*** Data Section Begins ***
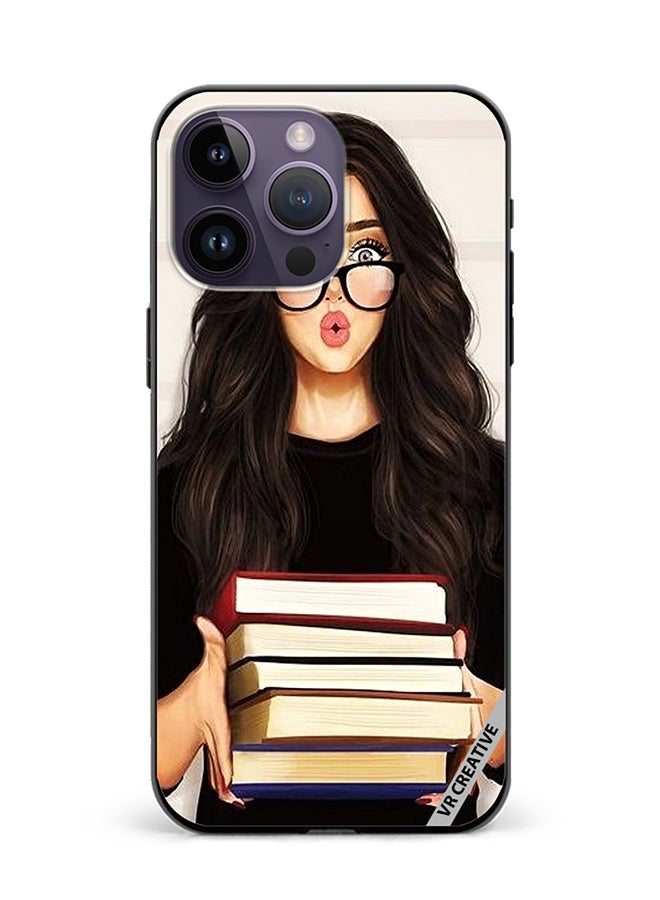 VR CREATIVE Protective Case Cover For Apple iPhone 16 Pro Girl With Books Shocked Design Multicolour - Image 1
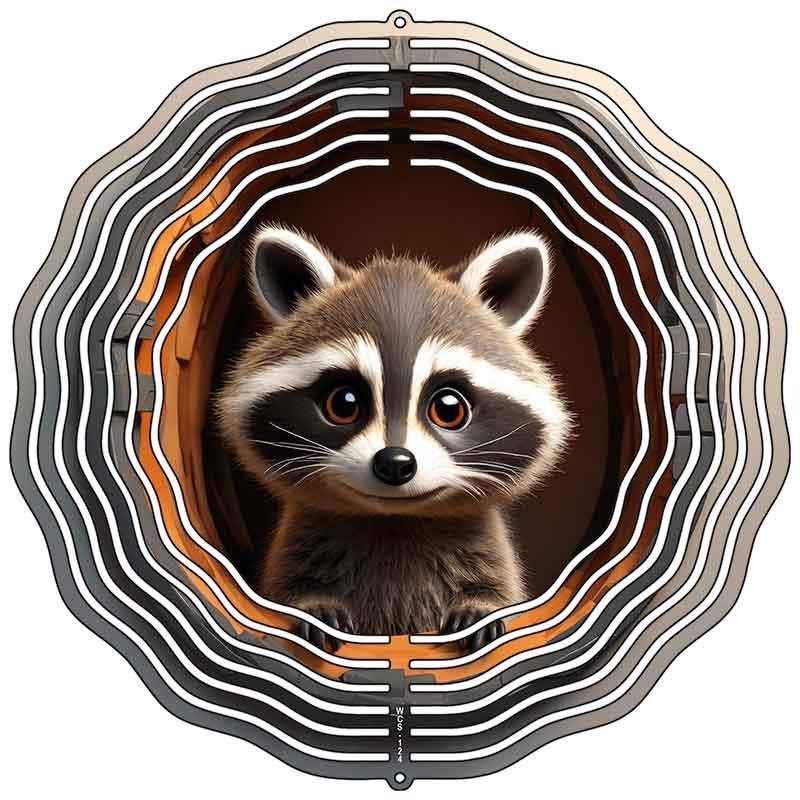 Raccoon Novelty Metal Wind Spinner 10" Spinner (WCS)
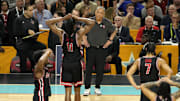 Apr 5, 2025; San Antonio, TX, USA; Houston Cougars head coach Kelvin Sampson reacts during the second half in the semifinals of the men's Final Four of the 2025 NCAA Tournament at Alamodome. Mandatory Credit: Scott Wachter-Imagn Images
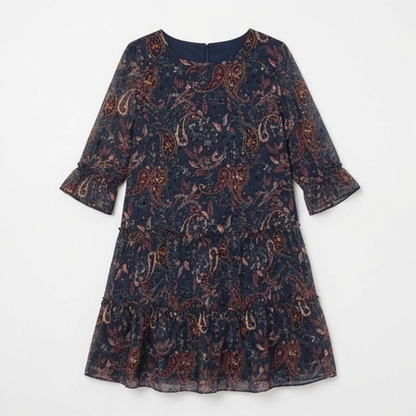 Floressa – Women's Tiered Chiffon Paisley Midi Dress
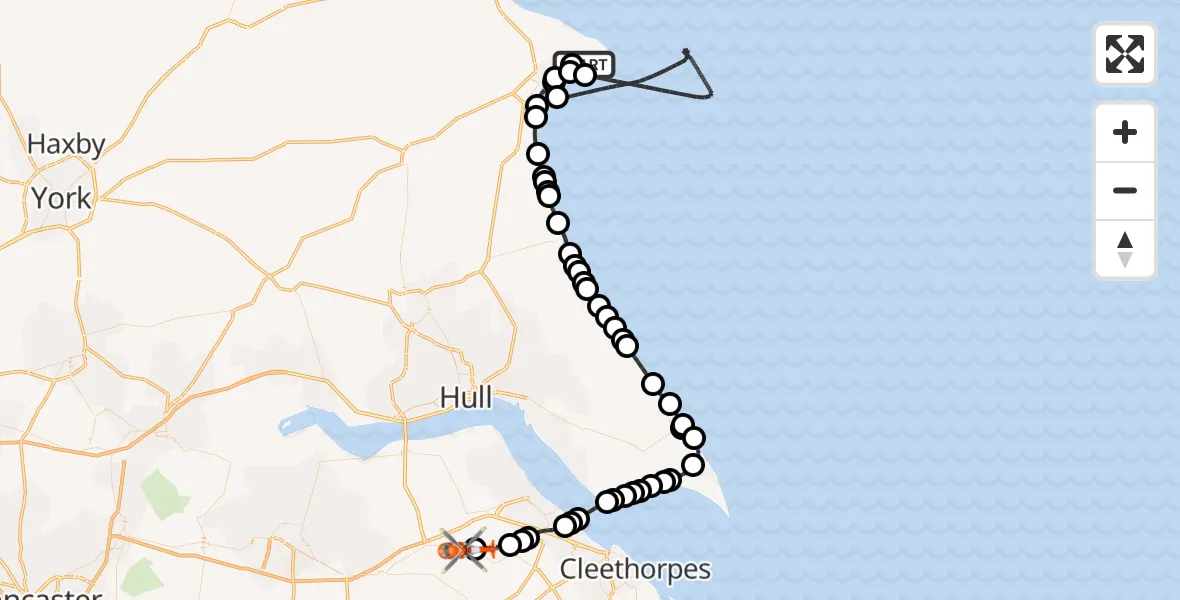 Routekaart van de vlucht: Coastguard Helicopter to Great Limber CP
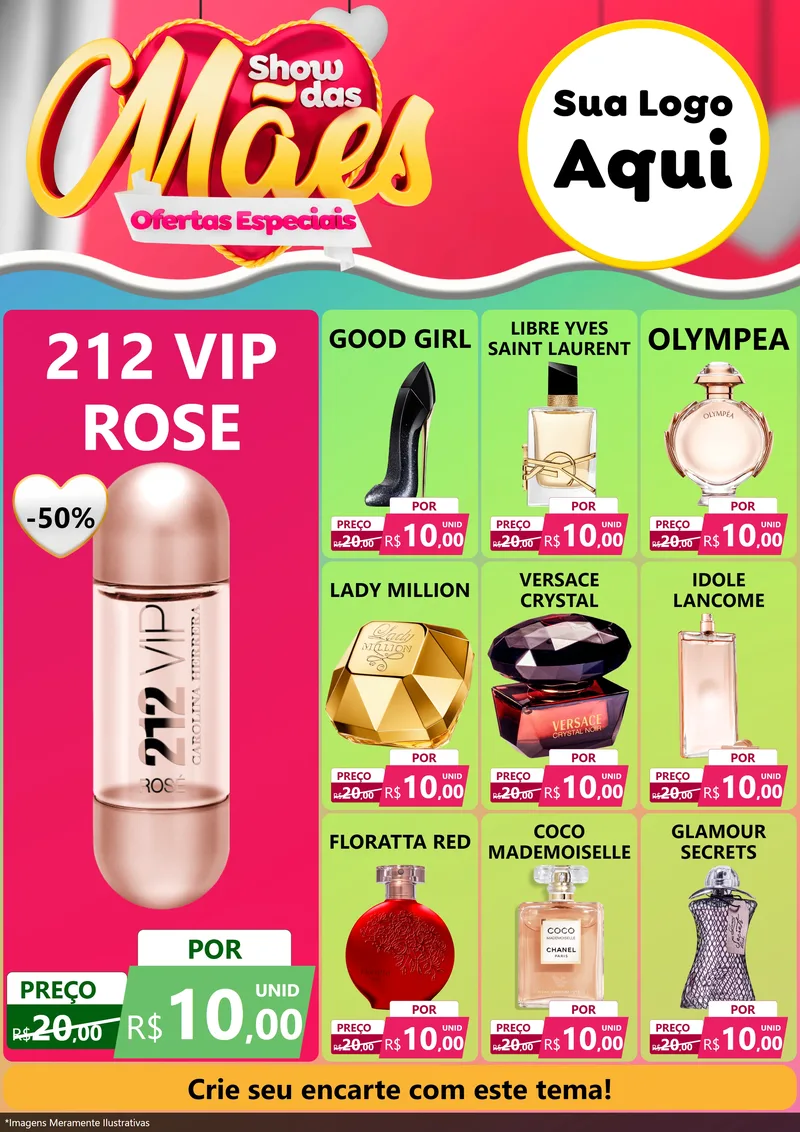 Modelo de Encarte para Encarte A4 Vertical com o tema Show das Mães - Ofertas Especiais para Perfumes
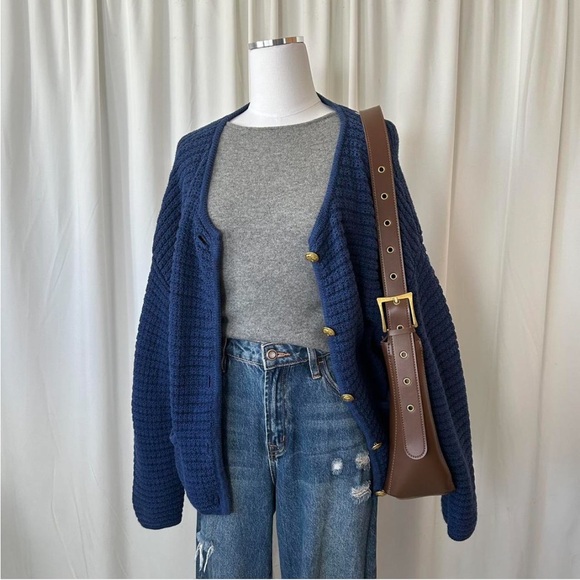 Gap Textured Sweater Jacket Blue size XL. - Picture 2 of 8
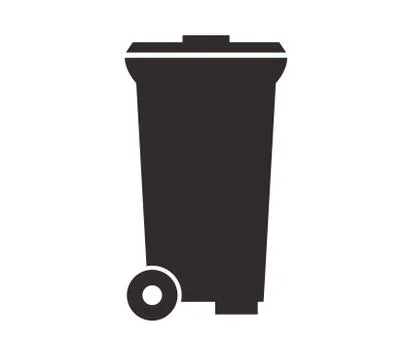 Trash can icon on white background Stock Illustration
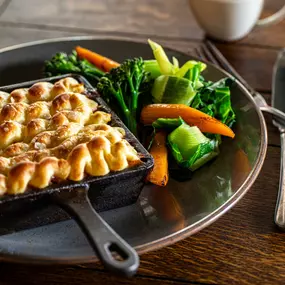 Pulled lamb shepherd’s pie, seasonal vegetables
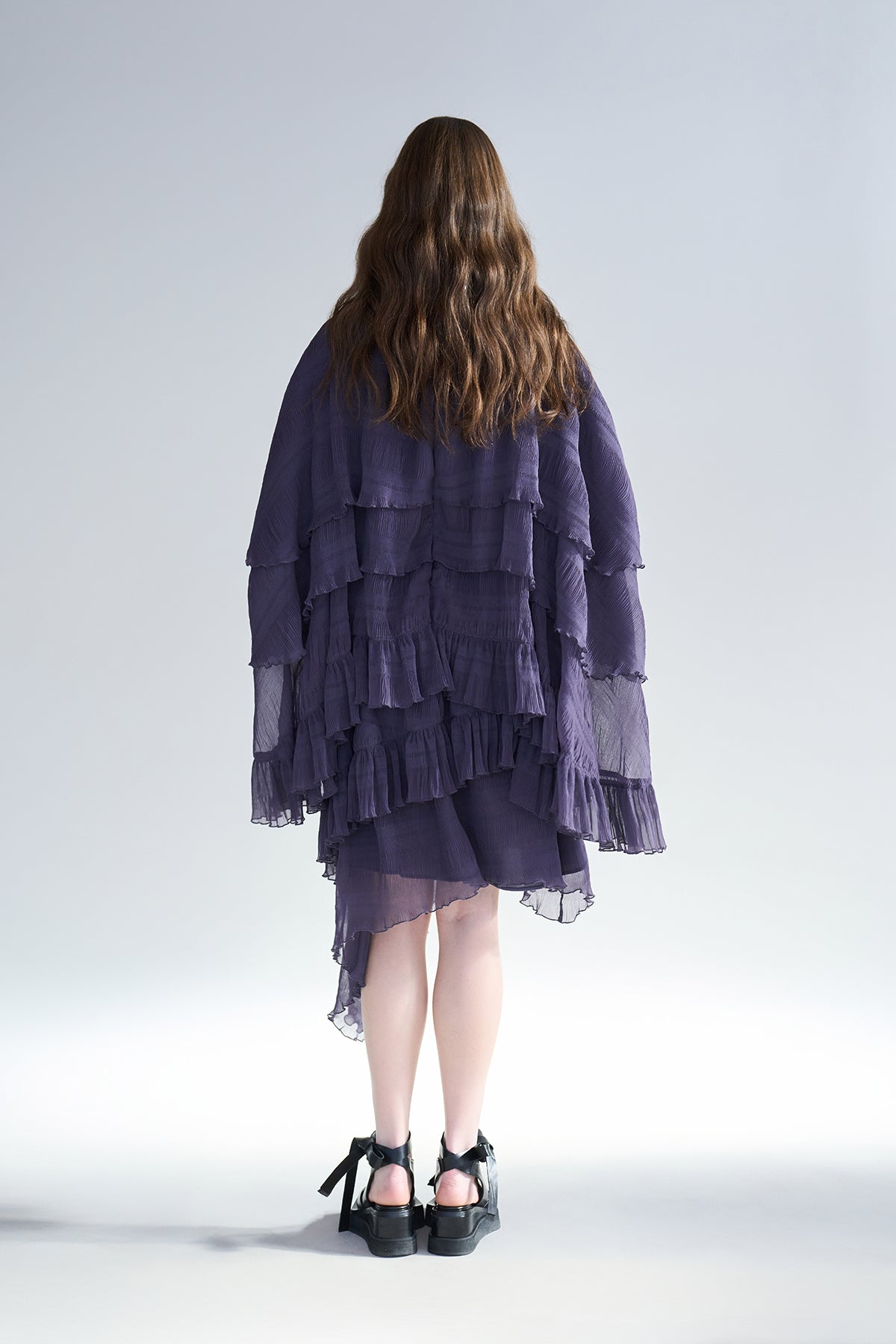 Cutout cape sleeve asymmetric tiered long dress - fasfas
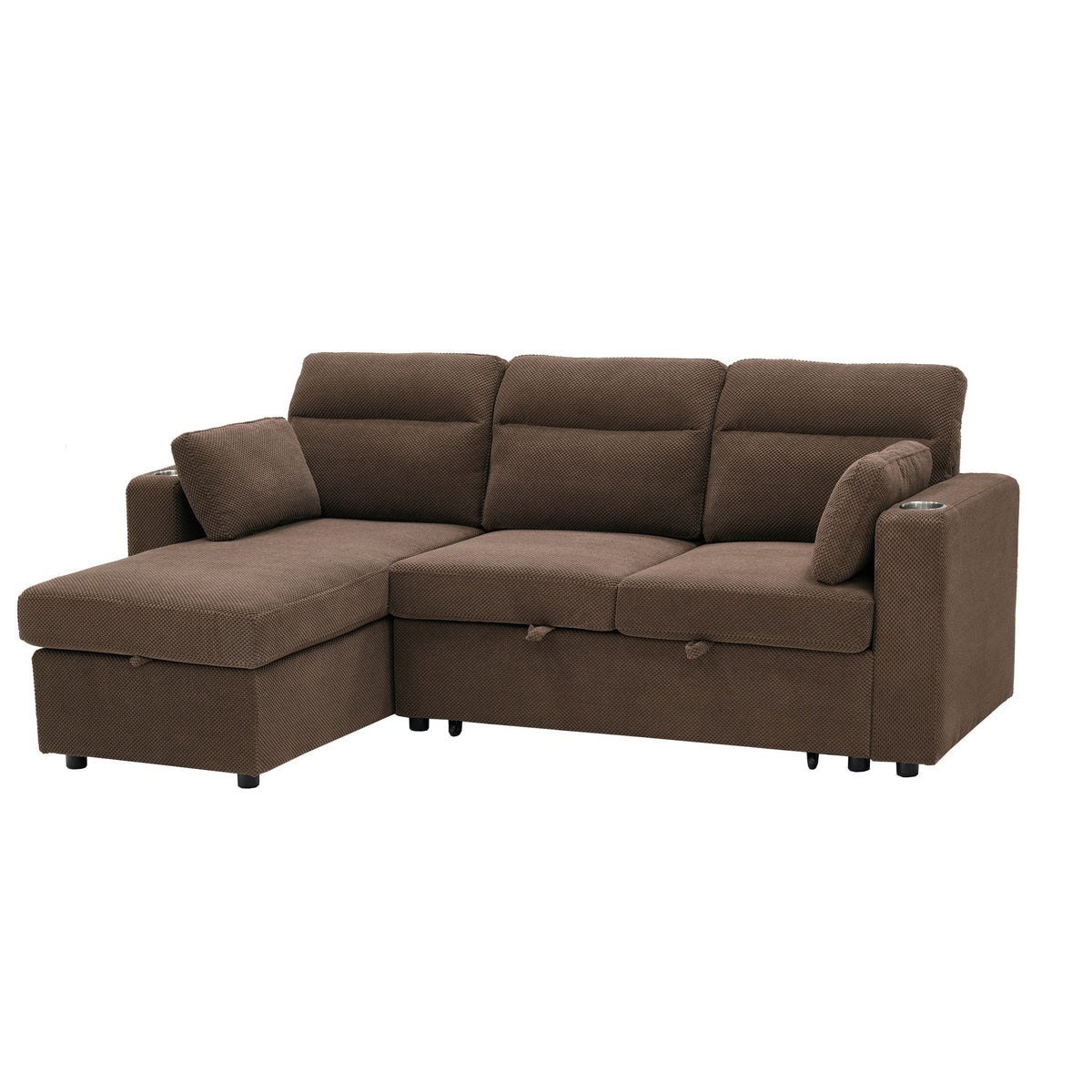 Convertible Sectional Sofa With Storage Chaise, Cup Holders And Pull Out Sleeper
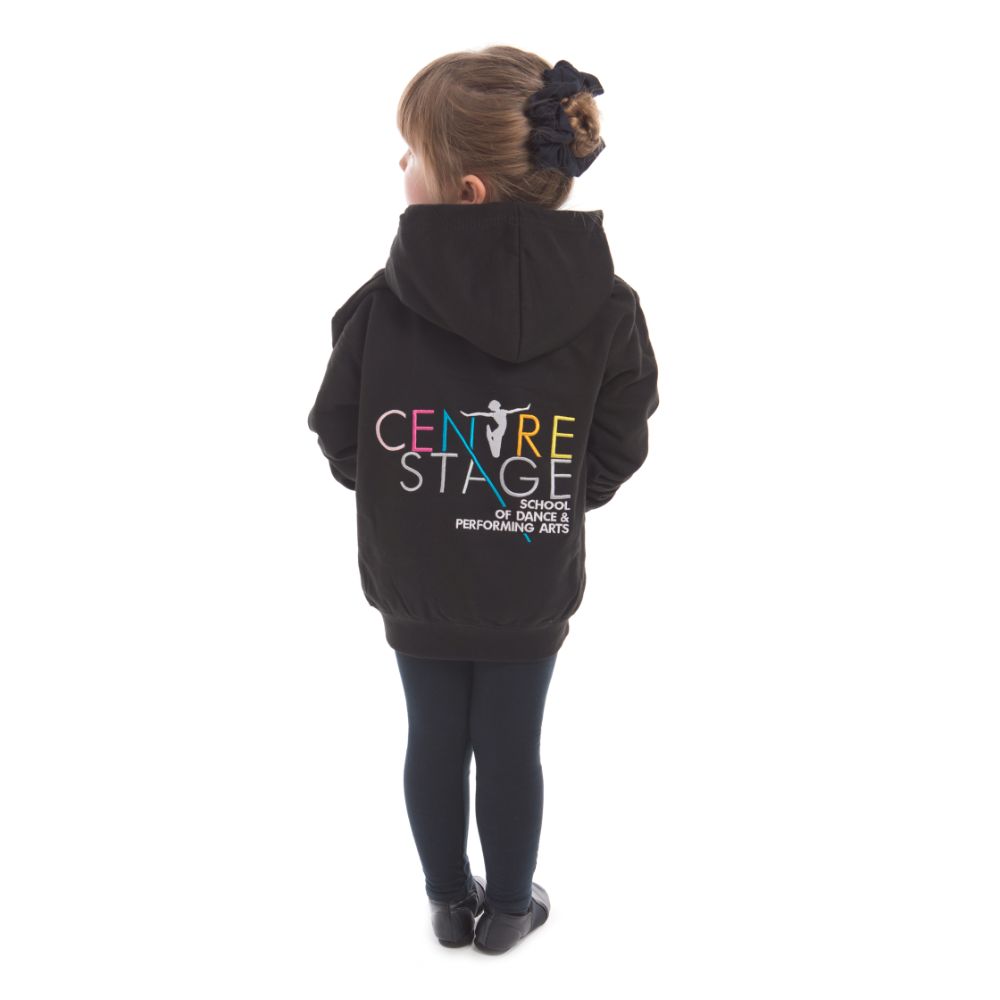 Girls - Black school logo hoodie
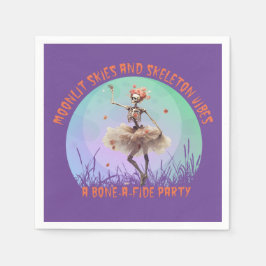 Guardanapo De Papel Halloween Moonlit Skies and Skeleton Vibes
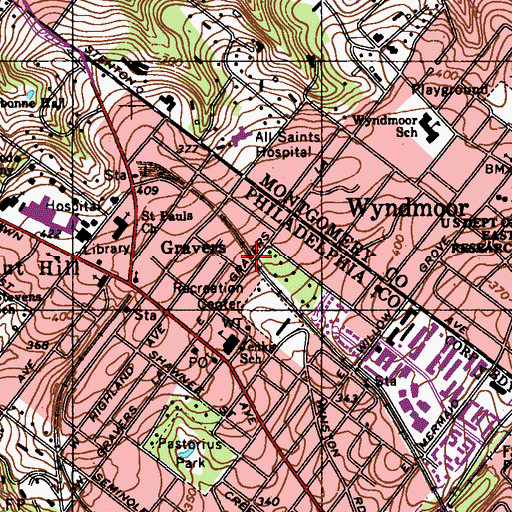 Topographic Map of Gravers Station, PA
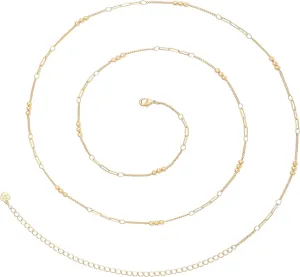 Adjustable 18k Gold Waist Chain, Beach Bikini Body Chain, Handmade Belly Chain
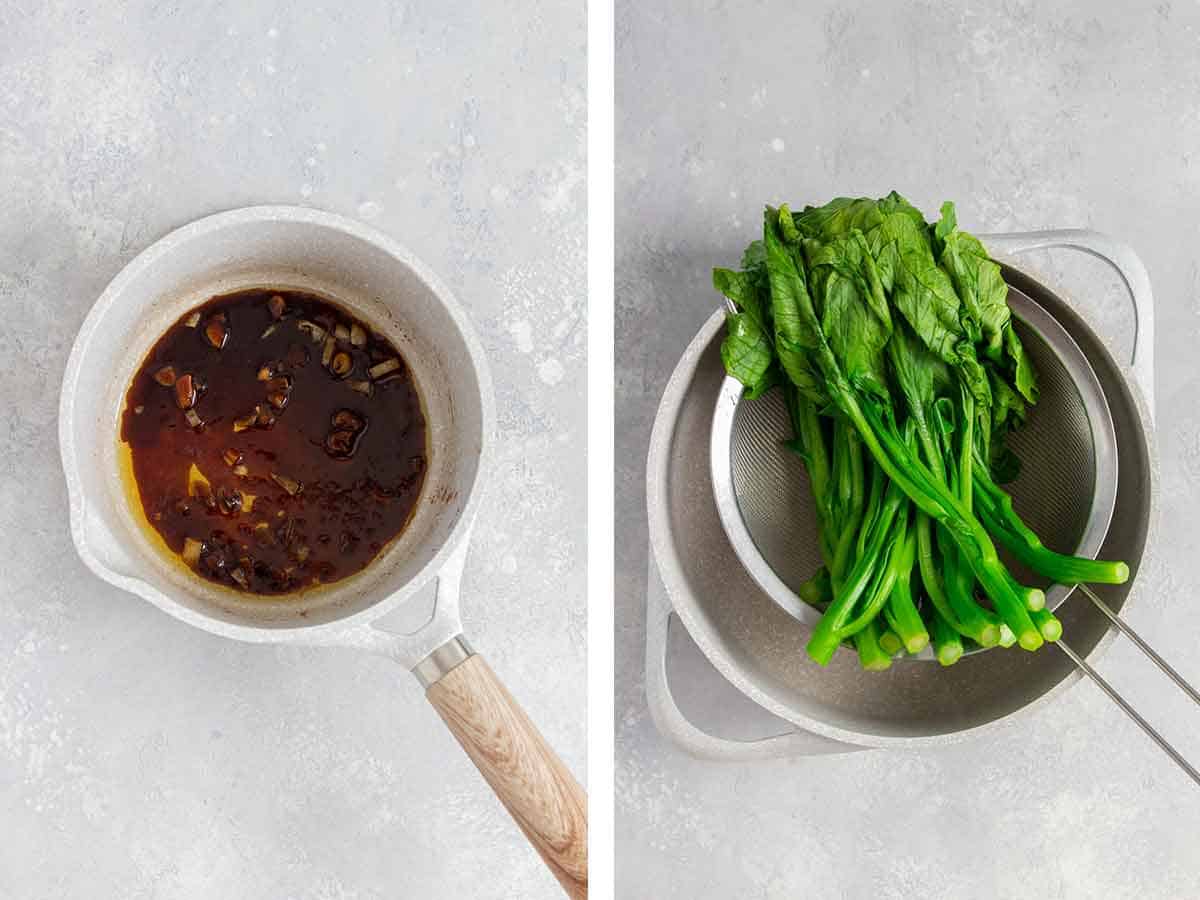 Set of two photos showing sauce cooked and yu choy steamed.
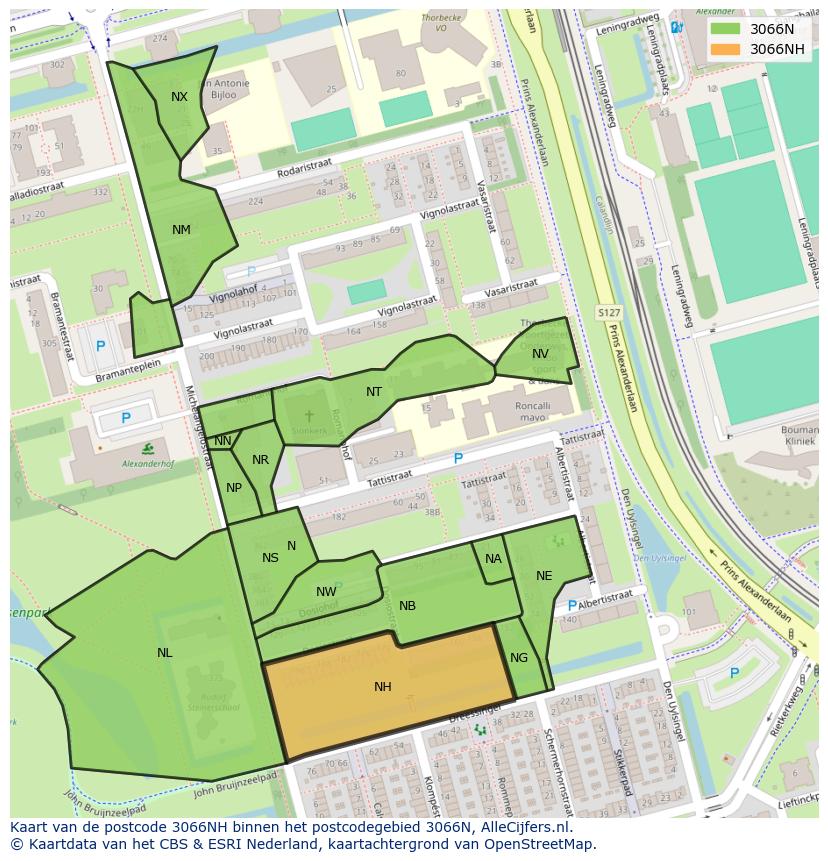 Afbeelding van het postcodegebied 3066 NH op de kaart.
*** Data Section Ends ***
> _What to do_
In your copy, exclude the pictures and repeat each entry above exactly.

> _Result of the task_
 VR CREATIVE Protective Case Cover For Apple iPhone 16 Pro Girl With Books Shocked Design Multicolour - Image 1
 Raccoon Novelty Metal Wind Spinner 10" Spinner (WCS)
 Apr 5, 2025; San Antonio, TX, USA; Houston Cougars head coach Kelvin Sampson reacts during the second half in the semifinals of the men's Final Four of the 2025 NCAA Tournament at Alamodome. Mandatory Credit: Scott Wachter-Imagn Images
 Floressa – Women's Tiered Chiffon Paisley Midi Dress
 Routekaart van de vlucht: Coastguard Helicopter to Great Limber CP
 Modelo de Encarte para Encarte A4 Vertical com o tema Show das Mães - Ofertas Especiais para Perfumes
 Gap Textured Sweater Jacket Blue size XL. - Picture 2 of 8
 Trash can icon on white background Stock Illustration
 Pulled lamb shepherd’s pie, seasonal vegetables
 Cutout cape sleeve asymmetric tiered long dress - fasfas
 Convertible Sectional Sofa With Storage Chaise, Cup Holders And Pull Out Sleeper
 Girls - Black school logo hoodie
 Guardanapo De Papel Halloween Moonlit Skies and Skeleton Vibes
 Topographic Map of Gravers Station, PA
 Adjustable 18k Gold Waist Chain, Beach Bikini Body Chain, Handmade Belly Chain
 Set of two photos showing sauce cooked and yu choy steamed.
 Afbeelding van het postcodegebied 3066 NH op de kaart.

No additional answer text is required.